Nessuno, pertanto, è autorizzato a vedervi un gesto di sfiducia o di giudizio verso coloro che alle processioni contribuiscono con dedizione e rettitudine. Il bene di tutti e la serenità degli animi richiedono a volte sacrifici immediati, seppure temporanei". Al posto delle processioni il vescovo propone alla comunità di riunirsi in preghiera. Lo scorso due luglio la processione della Madonna delle Grazie della frazione Tresilico si è fermata davanti all’abitazione del presunto boss della ‘ndrangheta Peppe Mazzagatti, 82 anni, condannato all’ergastolo e ai domiciliari per motivi di salute. Quando il comandante della stazione dei carabinieri si è accorto di quanto stava accadendo è uscito dalla processione e ha avviato le procedure per l’identificazione di tutte le persone che stavano partecipando al rito religioso.
Questa “sosta” ad Oppido Mamertina e, insieme, il rifiuto di alcuni detenuti mafiosi di partecipare alla Messa dopo la scomunica di Papa Francesco spiegano più di tante parole quanto il cammino verso la liberazione dalle mafie sia ancora lungo e pieno di ostacoli. Ma questi avvenimenti non possono né devono far arretrare di un solo centimetro la lotta contro tutte le mafie di questo mondo. Papa Francesco nella sua forte omelia a Cassano all’Jonio ha indicato la via. Da un lato la chiarezza delle parole di condanna. «I mafiosi non sono in comunione con Dio, sono scomunicati». Ma il Papa ha pronunciato anche parole di impegno, parole di sprone, quasi un programma antimafia. E soprattutto da mettere in pratica. «La ’ndrangheta è adorazione del male e disprezzo del bene comune. Questo male va combattuto, va allontanato! Bisogna dirgli di no!».

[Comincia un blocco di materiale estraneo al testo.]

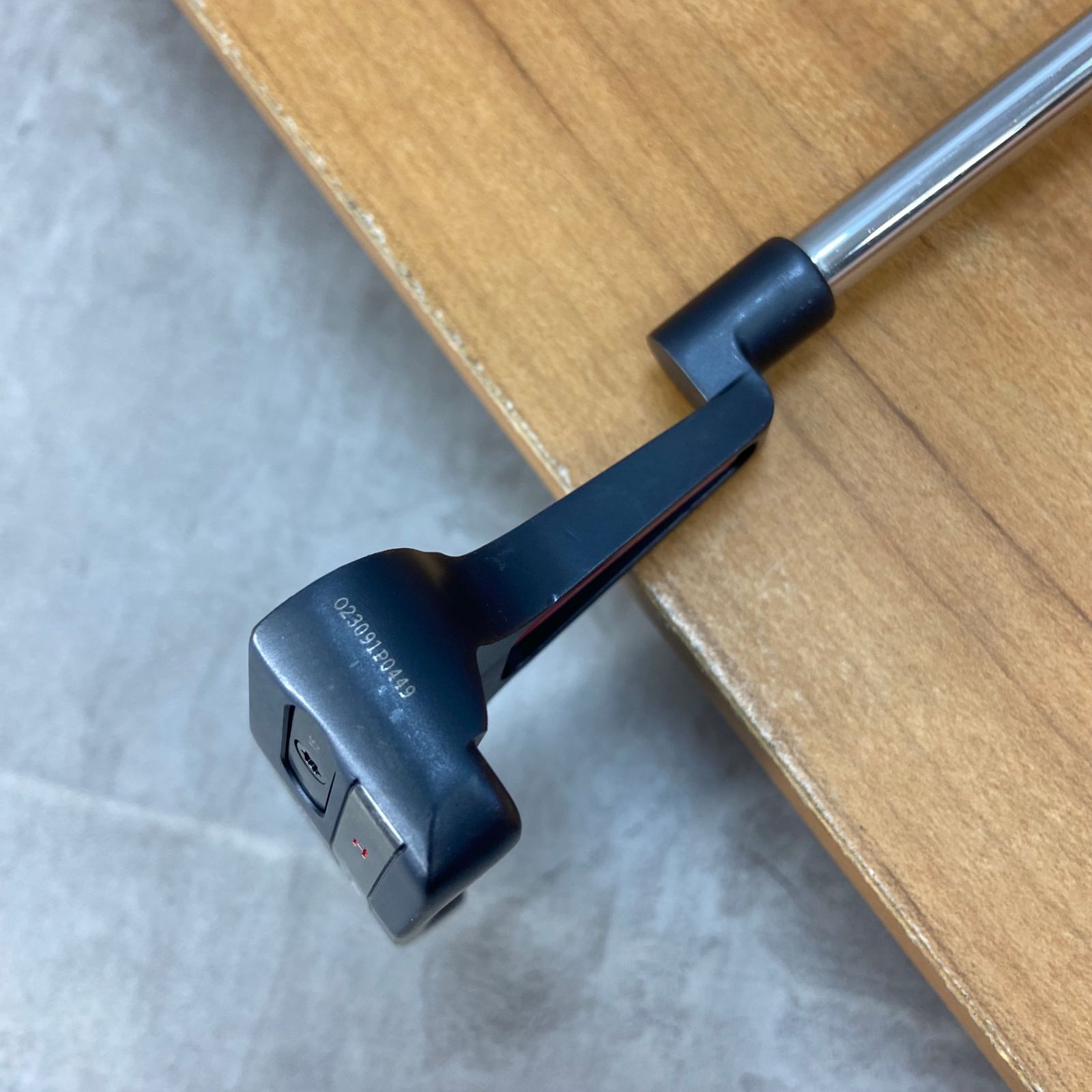 オデッセイ　トライビーム　1　メンズゴルフパター　カーボン　右利き用　PT　ピン型　ラケットホーゼル　ヘッドカバー　ODYSSEY　TRI-BEAM オデッセイ トライビーム 1 メンズゴルフパター カーボン 右利き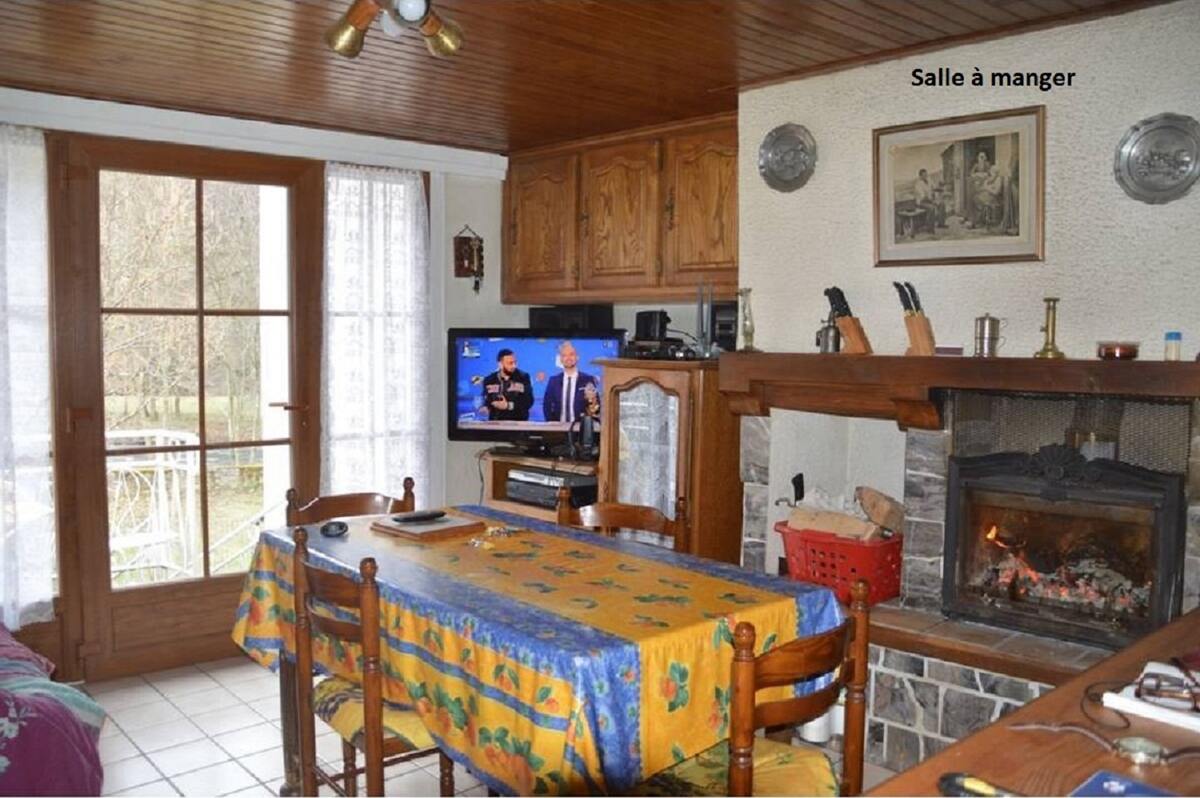 Maison 5 pers. Ferrières-Saint-Mary, jardin vue montagne - Photo 6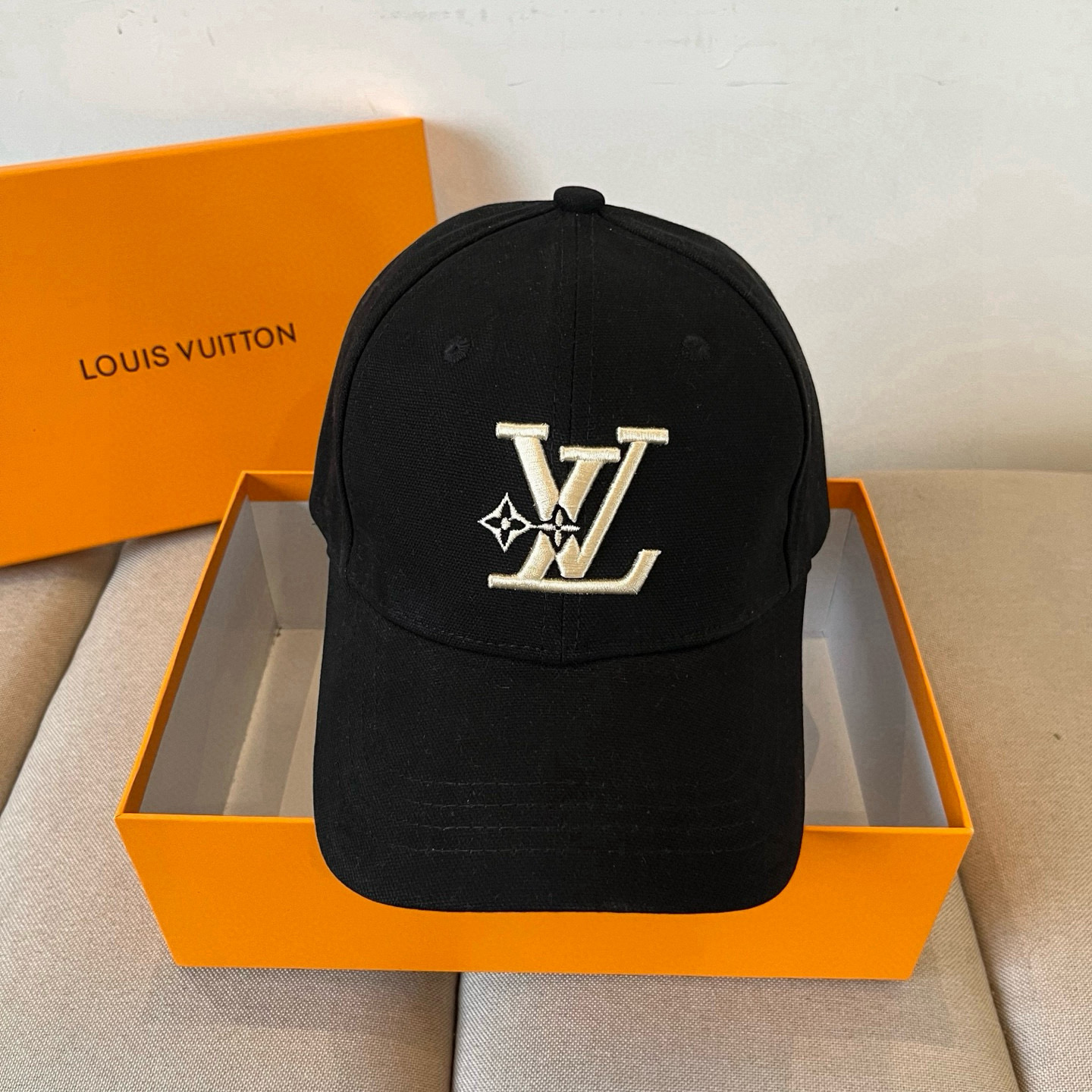 TOP Louis Vuitton LV Baseball Cap - 6 Colors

Parole che, evidentemente, qualcuno nel paese della Piana di Gioia Tauro non ha voluto capire né mettere in pratica, al punto da far fermare (o permettere che lo si facesse), la statua della Madonna, la Madre di Cristo, davanti alla casa del boss.
Fortunatamente la Chiesa non è solo quell’episodio in Calabria. Da tempo, vescovi, sacerdoti e laici, insieme a tante associazioni, sono in prima linea, ed è quindi scorretto e segno di miope prevenzione utilizzare questi episodi per attaccarla. Ma sarebbe non meno grave sminuire la gravità di questi e altri episodi. Bisogna dire con chiarezza che ci sono ancora ritardi e resistenze, occhi chiusi e voci silenti. Serve fare di più, con continuità e coerenza. Sempre.
Ma non lo si deve chiedere solo alla Chiesa che anzi in certi territori più difficili è l’unica testimonianza vera e concreta contro le mafie. Tocca alla politica e all’economia dimostrare di essere impermeabili alle influenze delle cosche. Dobbiamo tornare tutti ad una vita “normale”. Fatta né di protagonisti né da eroi. Deve diventare finalmente normale non onorare il boss, normale dire no ai favori del boss, normale denunciare, normale non pagare il pizzo, normale sbarrare le porte dei Comuni alle mire mafiose. Normale non far fare parte dei nostri comitati di feste ai camorristi soprattutto nel nostro territorio. Tocca a tutti questo impegno feriale, quotidiano, “normale”. Solo così ci sarà una vera, concreta e corale rivoluzione culturale. È questo che le mafie temono di più. L’impegno culturale ed educativo. In fondo…normale.